A giugno, Brendan Carr, nominato dal presidente Donald Trump alla guida della FCC, ha dichiarato che avrebbe posticipato tutte le scadenze entro cui le carceri e le carceri avrebbero adottato le riforme del 2024, e ha anche lasciato intendere che l’agenzia voleva aiutare le società di telecomunicazioni a finanziare i loro sforzi di sorveglianza dell’intelligenza artificiale con le tariffe pagate dai prigionieri. In un comunicato stampa, Carr ha scritto Il ritiro delle riforme del 2024 “porterà a una più ampia adozione di strumenti utili per la sicurezza pubblica che includono l’intelligenza artificiale avanzata e l’apprendimento automatico”.

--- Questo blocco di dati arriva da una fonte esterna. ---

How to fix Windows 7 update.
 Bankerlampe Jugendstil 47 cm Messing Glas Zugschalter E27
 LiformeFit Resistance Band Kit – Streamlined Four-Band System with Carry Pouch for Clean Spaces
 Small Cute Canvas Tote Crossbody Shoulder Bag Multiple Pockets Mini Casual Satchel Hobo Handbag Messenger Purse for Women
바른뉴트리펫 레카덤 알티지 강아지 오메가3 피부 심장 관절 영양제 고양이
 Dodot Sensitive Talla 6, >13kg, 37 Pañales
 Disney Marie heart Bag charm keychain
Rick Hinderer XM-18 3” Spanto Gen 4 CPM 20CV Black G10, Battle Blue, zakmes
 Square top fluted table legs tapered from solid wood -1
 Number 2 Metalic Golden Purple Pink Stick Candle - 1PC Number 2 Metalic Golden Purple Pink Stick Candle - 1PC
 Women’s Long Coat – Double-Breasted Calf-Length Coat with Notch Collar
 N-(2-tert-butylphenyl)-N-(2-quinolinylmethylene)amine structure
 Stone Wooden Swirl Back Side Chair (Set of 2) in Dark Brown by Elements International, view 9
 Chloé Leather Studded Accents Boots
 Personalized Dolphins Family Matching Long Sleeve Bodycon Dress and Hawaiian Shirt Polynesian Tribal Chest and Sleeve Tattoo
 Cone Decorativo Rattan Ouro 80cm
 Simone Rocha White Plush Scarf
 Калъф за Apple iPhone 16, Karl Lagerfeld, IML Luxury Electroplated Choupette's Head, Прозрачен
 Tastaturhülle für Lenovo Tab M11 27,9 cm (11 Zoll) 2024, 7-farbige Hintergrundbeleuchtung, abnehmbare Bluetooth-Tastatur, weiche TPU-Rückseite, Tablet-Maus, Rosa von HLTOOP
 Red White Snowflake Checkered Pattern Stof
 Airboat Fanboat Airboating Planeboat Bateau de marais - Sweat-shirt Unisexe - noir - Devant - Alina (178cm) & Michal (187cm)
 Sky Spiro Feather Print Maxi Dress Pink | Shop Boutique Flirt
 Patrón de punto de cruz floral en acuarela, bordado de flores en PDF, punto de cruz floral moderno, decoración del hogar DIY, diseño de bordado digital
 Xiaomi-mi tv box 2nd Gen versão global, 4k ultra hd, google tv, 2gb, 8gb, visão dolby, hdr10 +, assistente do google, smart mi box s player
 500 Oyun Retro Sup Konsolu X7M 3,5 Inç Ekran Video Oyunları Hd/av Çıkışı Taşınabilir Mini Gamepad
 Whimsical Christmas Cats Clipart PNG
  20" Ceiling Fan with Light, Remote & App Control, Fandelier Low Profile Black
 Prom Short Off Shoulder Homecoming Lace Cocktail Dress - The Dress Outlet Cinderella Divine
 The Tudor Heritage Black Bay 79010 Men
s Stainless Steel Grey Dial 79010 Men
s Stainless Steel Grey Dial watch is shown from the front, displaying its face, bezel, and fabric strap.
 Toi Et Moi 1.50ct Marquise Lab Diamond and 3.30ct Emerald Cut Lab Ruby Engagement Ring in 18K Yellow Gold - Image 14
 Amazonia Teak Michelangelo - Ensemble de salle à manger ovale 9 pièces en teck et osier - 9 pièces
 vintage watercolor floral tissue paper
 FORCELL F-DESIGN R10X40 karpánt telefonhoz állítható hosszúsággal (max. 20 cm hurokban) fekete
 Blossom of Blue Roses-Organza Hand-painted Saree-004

Il 28 ottobre l’agenzia è andata oltre: l’It votato Il superamento di nuovi limiti tariffari più elevati e la possibilità che aziende come Securus di sostenere i costi di sicurezza relativi alla registrazione e al monitoraggio delle chiamate – come l’archiviazione delle registrazioni, la trascrizione o la creazione di strumenti di intelligenza artificiale per analizzare tali chiamate, ad esempio – vengono trasferiti sui prigionieri. Lo ha detto un portavoce di Securus Revisione della tecnologia del MIT L’azienda mira a bilanciare l’accessibilità economica con la necessità di finanziare le necessarie attrezzature di sicurezza e protezione. “Questi strumenti, compreso il nostro monitoraggio avanzato e le capacità di intelligenza artificiale, sono fondamentali per mantenere strutture sicure per i detenuti e il personale penitenziario e per proteggere il pubblico”, hanno scritto.

Il commissario della FCC Anna Gomez ha dissentito dalla decisione del mese scorso. “Forze dell’ordine”, ha scritto in uno dichiarazione“Le famiglie delle persone incarcerate dovrebbero essere quelle che pagano il conto per i costi di sicurezza e protezione non correlati”.

La FCC cercherà commenti su queste nuove regole prima che vengano finalmente implementate.